Faisal menilai, langkah pemerintah tersebut kurang tepat. Seharusnya, pemerintah introspeksi kenapa UE bisa sampai mendiskriminasi produk kelapa sawit.
"Sebelum ke sini saya diskusi sama pak Laode KPK. Kasarnya begini "ngaca dulu" kenapa UE memboikot sawit kita? Karena banyak lahan tumpang tindih sawit termasuk rarusan ribu hektar yang harusnya hutan. Jadi isunya lingkungan. Ngaca dulu," kata dia saat ditemui di Kawasan SCBD Sudirman, Jakarta, Kamis (28/3/2019).
Baca Juga
Selain itu, menurut dia yang lebih pantas menyelesaikan masalah tersebut bukan Menko Maritim Luhut Binsar Pandjaitan, melainkan Menteri Luar Negeri Retno Marsudi. Sebab masalah tersebut merupakan hubungan diplomasi antar negara.
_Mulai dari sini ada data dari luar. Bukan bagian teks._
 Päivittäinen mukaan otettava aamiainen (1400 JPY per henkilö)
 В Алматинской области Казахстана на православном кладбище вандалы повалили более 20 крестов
"Kalau sudah begitu, serahkan ke ibu menlu karena sudah negosiasi antar negara. Karena kalau ada apa-apa, ini bukan urusan sekadar sawit, urusan diplomasi secara keseluruhan," ujar dia.
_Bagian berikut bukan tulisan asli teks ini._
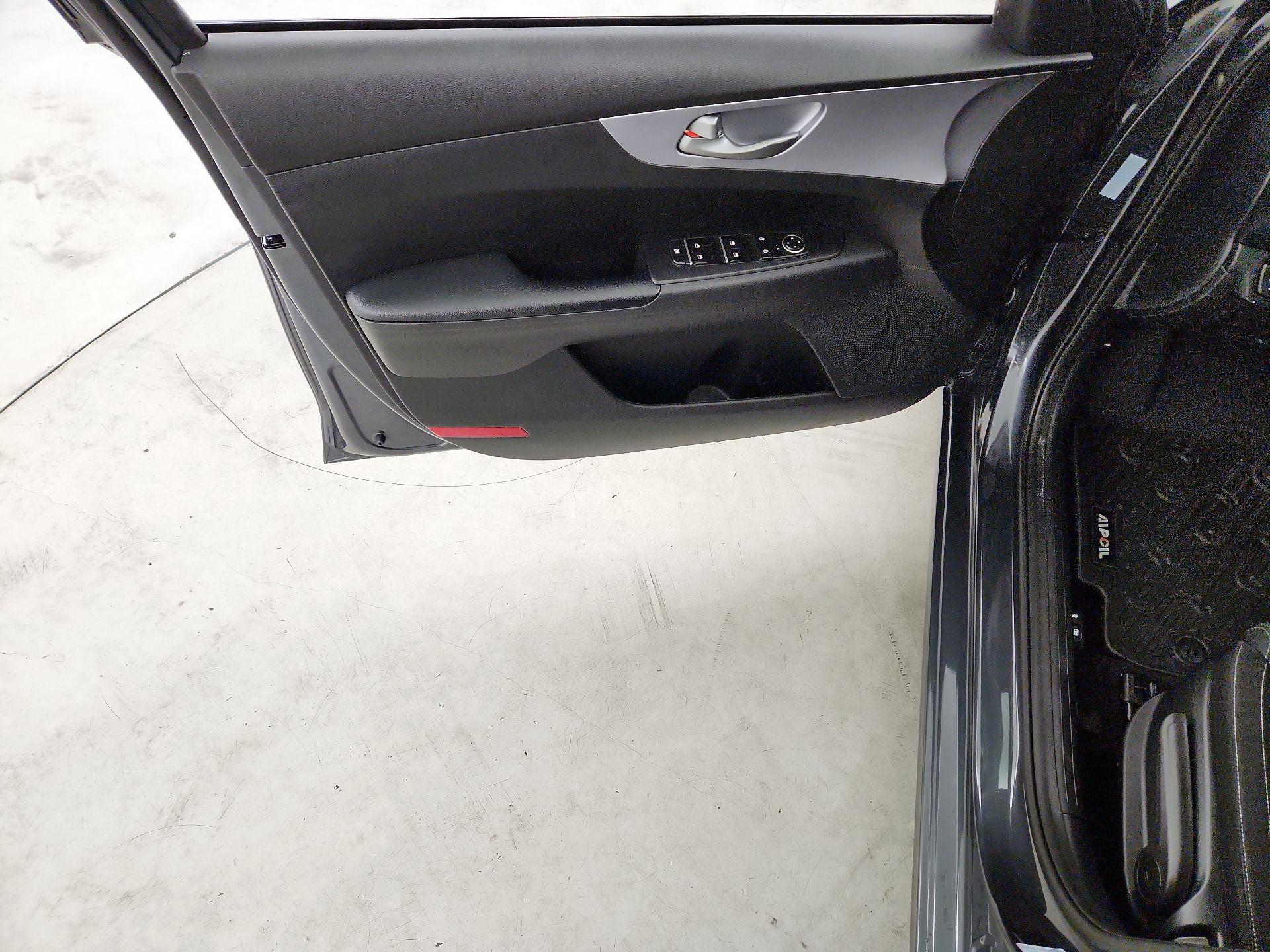 Thumbnail: 2022 Kia Forte - 12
Jika yang menangani Menko Luhut, Faisal khawatir suasana justru akan tambah memanas . "Kalau yang diplomasi Luhut, panas terus. Kalau ibu Retno sejuk, perempuan, santun, semua terukur, semua terhitung. Tiap ucapan itu membawa implikasi pada chemistry negosiasi," ujar dia.
Bila semua tuduhan UE terbukti salah, langkah yang paling tepat adalah membawa kasus tersebut ke WTO.
"Kita lihat tuduhan-tuduhan UE itu benar tidak? Kalau tuduhan itu tidak benar, bawa ke WTO begitu. Jadi apa gunanya ngancam-ngancam (boikot produk Eropa)?" ujarnya.
Selain itu, dia menyarankan dalam proses diplomasi sawit tersebut seharusnya satu pintu agar semua pernyataan yang keluar bisa selaras.
"Kalau diplomasi satu pintu, jangan Darmin (Menko Perekonomian) ngomong, Luhut ngomong, pusing. Menlu dia? ini sudah ranah diplomasi, kalau diplomasi masalah satu masalah lain terkait, hubungan baik," ujar dia.